=== WHAT THE TASK ASKS ===
If a record holds a picture, omit the picture, but copy everything else below exactly.

▶

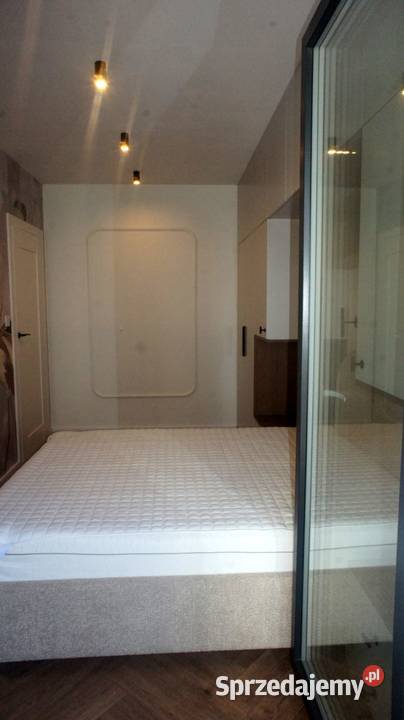 2 pokoje z halą garażową i Internetem w Gdańsk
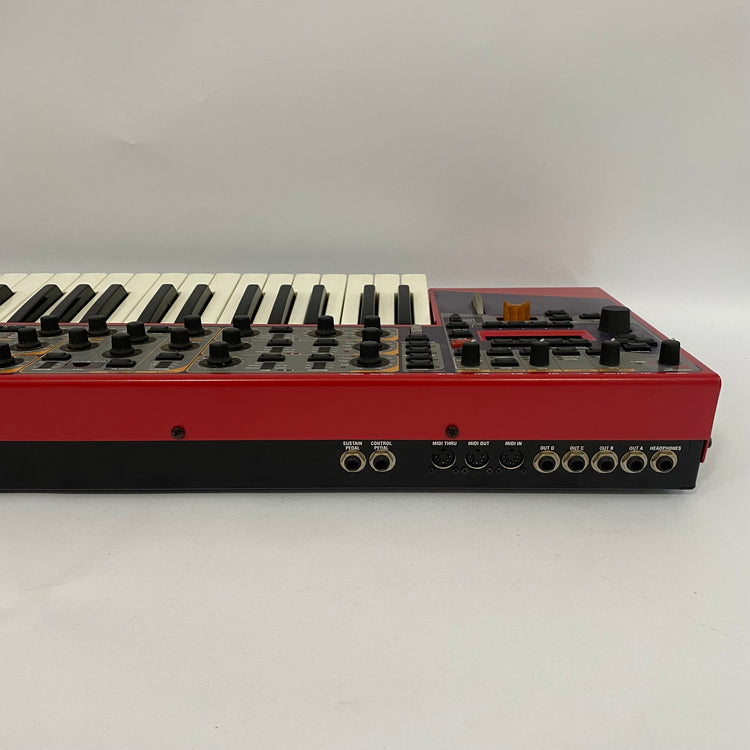 Nord Lead 3 49-Key 24-Voice Polyphonic Synthesizer w/ Nord Travel Bag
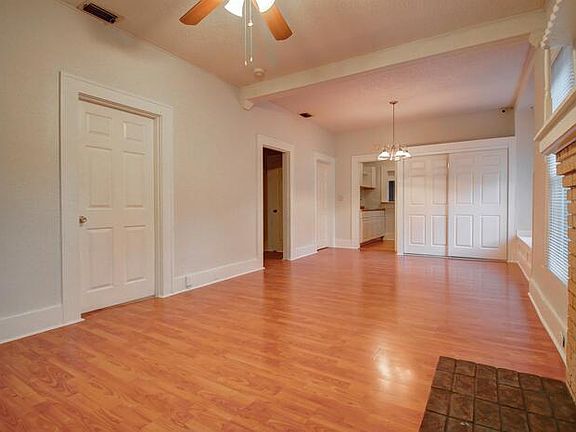5th image of 1009 15th Ave S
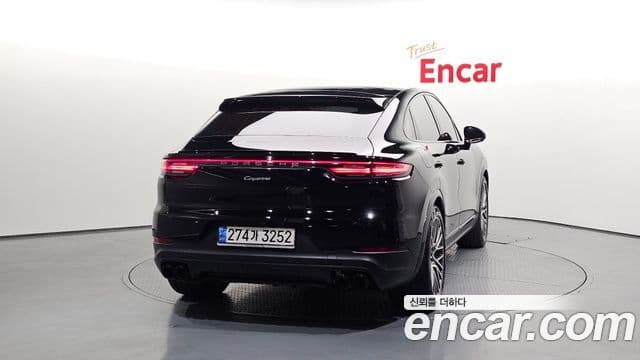 Porsche Cayenne 2022 — Photo 13/20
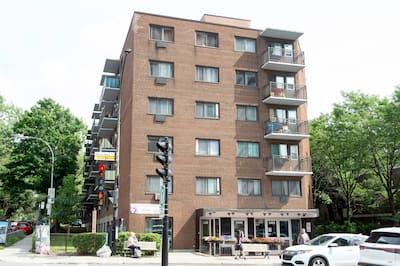 Retrato del acupunturista Gasan Askerow, multado con 30.000 dólares, en particular por utilizar agujas sucias en quebequenses. Al fondo, agujas contaminadas encontradas en su despacho durante la investigación del síndico de la Orden.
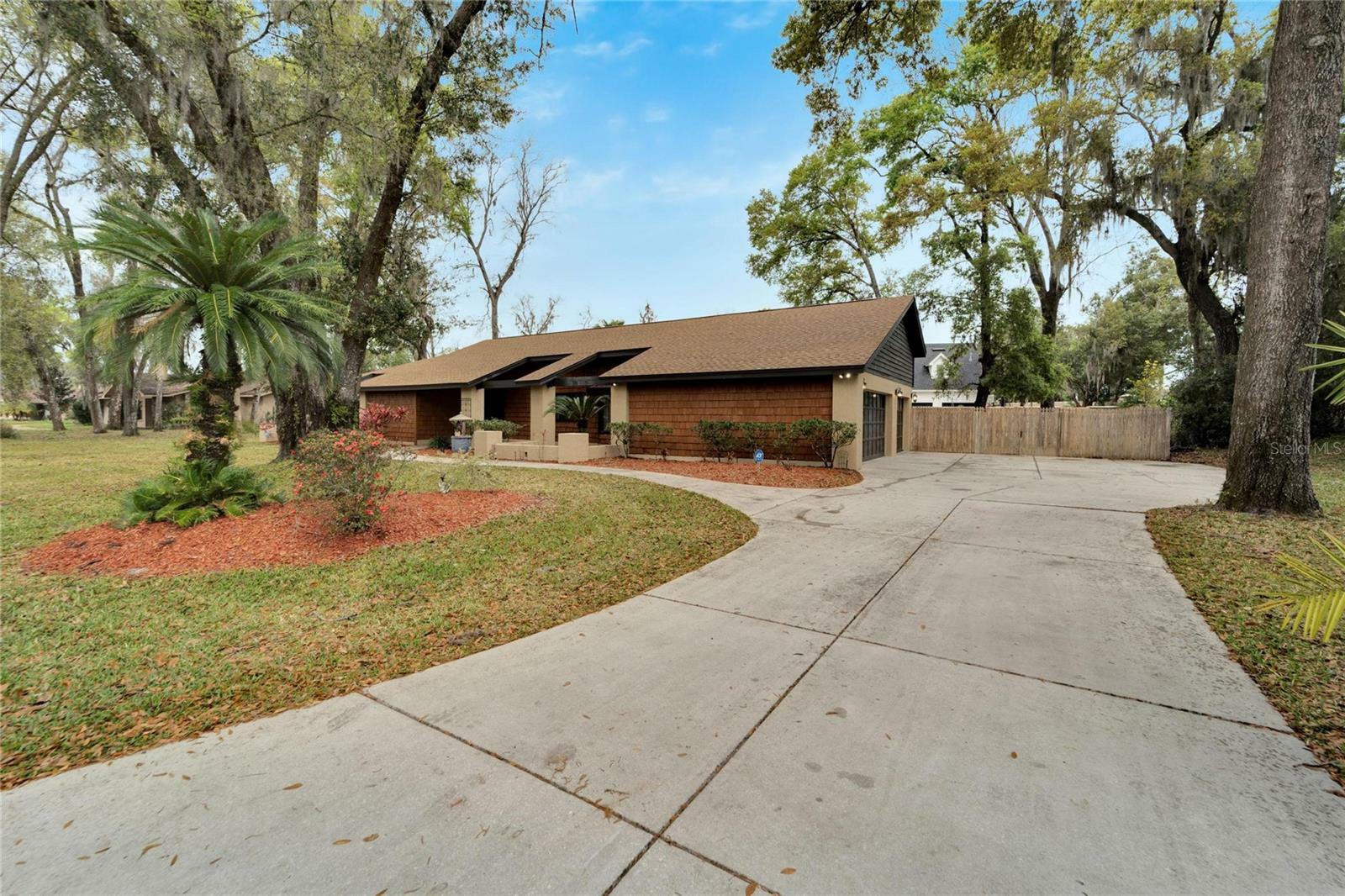 Property Photo:  918 River Rapids Avenue  FL 33511 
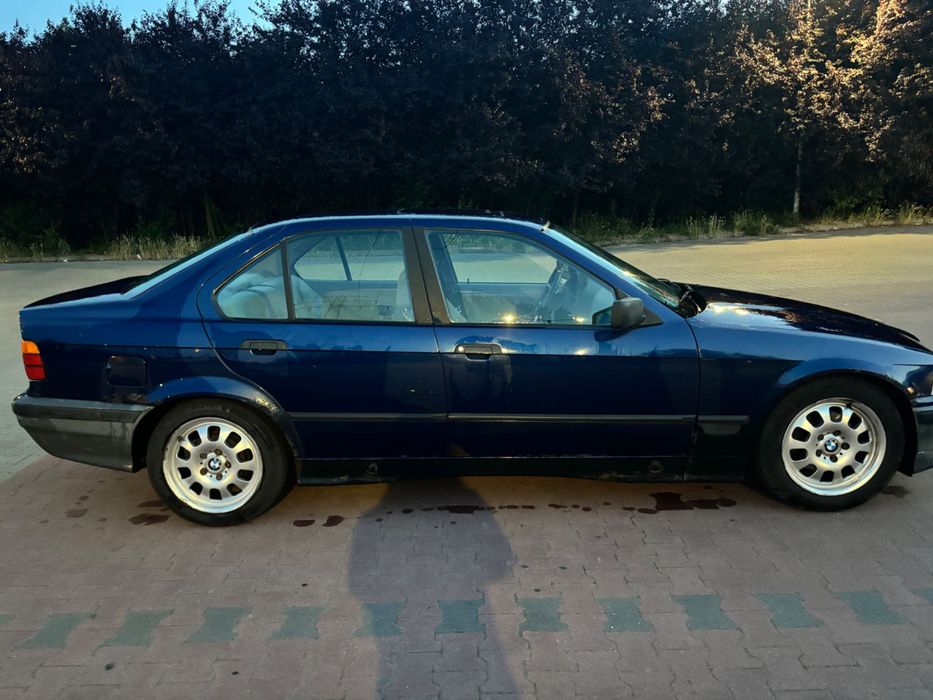 Sprzedam Bmw e36 318i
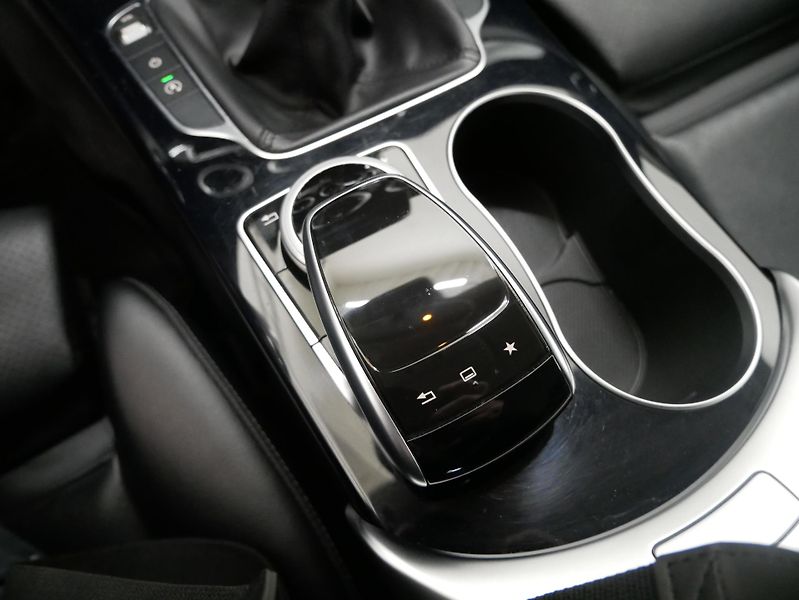 Mercedes-Benz Třídy C - fotka 23 z 25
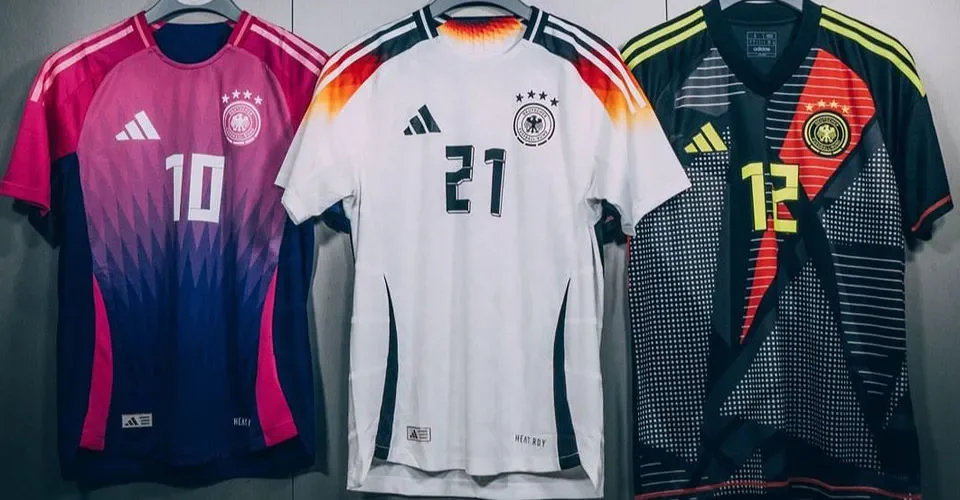 2024/25 Germany 1:1 Quality Away Pink Fans Socc... detail image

◀

=== EXERCISE OUTPUT ===
 2 pokoje z halą garażową i Internetem w Gdańsk
 Nord Lead 3 49-Key 24-Voice Polyphonic Synthesizer w/ Nord Travel Bag
5th image of 1009 15th Ave S
 Porsche Cayenne 2022 — Photo 13/20
 Retrato del acupunturista Gasan Askerow, multado con 30.000 dólares, en particular por utilizar agujas sucias en quebequenses. Al fondo, agujas contaminadas encontradas en su despacho durante la investigación del síndico de la Orden.
 Property Photo:  918 River Rapids Avenue  FL 33511 
 Sprzedam Bmw e36 318i
 Mercedes-Benz Třídy C - fotka 23 z 25
 2024/25 Germany 1:1 Quality Away Pink Fans Socc... detail image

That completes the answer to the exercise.